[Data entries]
****************************************

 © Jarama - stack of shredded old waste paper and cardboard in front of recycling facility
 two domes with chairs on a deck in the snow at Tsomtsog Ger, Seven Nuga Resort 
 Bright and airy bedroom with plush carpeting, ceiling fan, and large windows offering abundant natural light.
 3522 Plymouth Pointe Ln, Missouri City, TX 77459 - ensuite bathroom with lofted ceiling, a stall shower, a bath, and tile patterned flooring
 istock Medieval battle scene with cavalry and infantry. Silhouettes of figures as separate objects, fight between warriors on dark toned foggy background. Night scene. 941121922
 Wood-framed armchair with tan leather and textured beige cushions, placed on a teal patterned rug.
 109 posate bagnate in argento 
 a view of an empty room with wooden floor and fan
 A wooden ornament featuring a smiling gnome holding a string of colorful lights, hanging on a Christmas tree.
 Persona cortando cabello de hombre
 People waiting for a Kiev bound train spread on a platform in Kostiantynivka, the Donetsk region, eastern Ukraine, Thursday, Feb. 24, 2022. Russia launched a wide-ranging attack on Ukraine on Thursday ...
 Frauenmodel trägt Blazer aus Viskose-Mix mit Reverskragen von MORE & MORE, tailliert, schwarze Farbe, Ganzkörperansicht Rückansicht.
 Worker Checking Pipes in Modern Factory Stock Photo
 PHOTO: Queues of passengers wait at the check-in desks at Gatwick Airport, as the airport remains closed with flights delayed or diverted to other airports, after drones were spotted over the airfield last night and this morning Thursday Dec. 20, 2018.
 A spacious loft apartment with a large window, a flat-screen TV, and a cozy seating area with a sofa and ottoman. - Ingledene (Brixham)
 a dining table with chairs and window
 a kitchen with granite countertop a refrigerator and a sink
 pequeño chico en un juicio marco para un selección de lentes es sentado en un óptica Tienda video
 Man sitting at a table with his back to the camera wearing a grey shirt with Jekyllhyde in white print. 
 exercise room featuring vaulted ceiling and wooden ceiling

****************************************

REQUIRED WORK
Starting at the top of the data above, repeat every line exactly until the line containing "Persona cortando cabello de hombre" has been given, then stop.

RESULT BELOW
 © Jarama - stack of shredded old waste paper and cardboard in front of recycling facility
 two domes with chairs on a deck in the snow at Tsomtsog Ger, Seven Nuga Resort 
 Bright and airy bedroom with plush carpeting, ceiling fan, and large windows offering abundant natural light.
 3522 Plymouth Pointe Ln, Missouri City, TX 77459 - ensuite bathroom with lofted ceiling, a stall shower, a bath, and tile patterned flooring
 istock Medieval battle scene with cavalry and infantry. Silhouettes of figures as separate objects, fight between warriors on dark toned foggy background. Night scene. 941121922
 Wood-framed armchair with tan leather and textured beige cushions, placed on a teal patterned rug.
 109 posate bagnate in argento 
 a view of an empty room with wooden floor and fan
 A wooden ornament featuring a smiling gnome holding a string of colorful lights, hanging on a Christmas tree.
 Persona cortando cabello de hombre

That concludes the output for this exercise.